Можно выделить несколько типов вдохновения, переходящих один в другой, как и все в этом нашем текучем и занимательном мире, и все же не без изящества поддающихся подобию классификации. Приуготовительное мреяние, не лишенное сходства с некой благодатной разновидностью ауры, предваряющей эпилептический припадок, — вот явление, которое художник научается воспринимать в самом начале своей жизни. Это ощущение щекотной благодати ветвится, пронизывая его, словно красные с синим прожилки на изображении освежеванного человека в статье «Кровообращение». Распространяясь, оно изгоняет всякое осознание телесного неустройства — от юношеской зубной боли до старческой невралгии. Красота его в том, что, будучи явственно различимым (как если б оно было связано с известной железой или вело к ожидаемой кульминации), оно не имеет ни источника, ни цели. Оно расширяется, разгорается и стихает, не приоткрыв своей тайны. А между тем распахивается окно, задувает утренний ветерок, зудит каждый обнаженный нерв. Но вот все исчезает, возвращаются привычные заботы, дуга боли вновь прорисовывается на лбу; однако художник знает, что он готов.
Проходит несколько дней. Следующая стадия вдохновения есть нечто пылко предвкушаемое — и теперь уже не анонимное. И в самом деле, очерк нового приступа столь определенен, что мне придется оставить метафоры и прибегнуть к конкретной терминологии. Рассказчик предчувствует, что ему предстоит рассказать. Предчувствие мы можем определить как мгновенное видение, обращающееся в стремительную речь. Если бы существовал прибор, способный отобразить это редкостное, упоительное явление, зрительная составляющая представилась бы нам переливчатым блеском точных деталей, а речевая — чехардой сливающихся слов.
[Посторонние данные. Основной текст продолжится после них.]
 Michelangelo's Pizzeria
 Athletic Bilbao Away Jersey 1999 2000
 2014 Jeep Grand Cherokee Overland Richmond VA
Опытный автор тут же их и записывает, и делая это, преобразует то, что было ненамного большим мутного мелькания медленно проступающего смысла, в эпитеты и в построение фраз, приобретающих те же ясность и четкость, какие свойственны им на печатной странице:
Море, бьющее и отступающее с шелестом гальки, Гуан и прелестная молодая блудница — какое имя ему назвали, Адора? кто она — итальянка, румынка, ирландка? — уснувшая у него на коленях, накрытая его оперным плащом, свеча, чадящая в цинковой плошке на подоконнике рядом с обернутым в бумагу букетом длинностебельных роз, его цилиндр на каменном полу, рядом с лунным пятном, — все это в углу обветшалого, некогда походившего на дворец веселого дома, Виллы Венус, на скалистом берегу Средиземного моря, за приотворенной дверью виднеется нечто схожее с освещенной луной галереей, на деле же — полуразрушенная гостиная с обвалившейся наружной стеной, за огромным проломом которой уныло ухает и уходит, клацая мокрой галькой, голое море, будто вздохи разлученного с временем пространства.
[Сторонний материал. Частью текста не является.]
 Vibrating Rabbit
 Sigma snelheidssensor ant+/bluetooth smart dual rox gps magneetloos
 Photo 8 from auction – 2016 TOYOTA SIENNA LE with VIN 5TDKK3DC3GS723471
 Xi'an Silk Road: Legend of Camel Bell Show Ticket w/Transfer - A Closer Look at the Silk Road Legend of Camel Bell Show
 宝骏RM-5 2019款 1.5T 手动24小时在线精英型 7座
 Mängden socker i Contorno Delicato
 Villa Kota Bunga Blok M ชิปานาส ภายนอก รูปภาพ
Это я набросал как-то утром, в самом конце 1965 года, месяца за два до того, как началось теченье романа. То, что я здесь привел, это его первый спазм, странное ядро книги, которой предстояло нарастать вкруг него в ходе трех последующих лет. Большая часть разросшейся ткани явственно отличается окраской и освещением от этой предугаданной сцены, чья структурная центральность, однако же, подчеркнута, со своего рода приятной опрятностью, тем, что ныне она существует в виде вставной сцены, помещенной в самую середину романа (вначале получившего название «Вилла Венус», затем «Вины», затем «Страсть» и наконец «Ада»).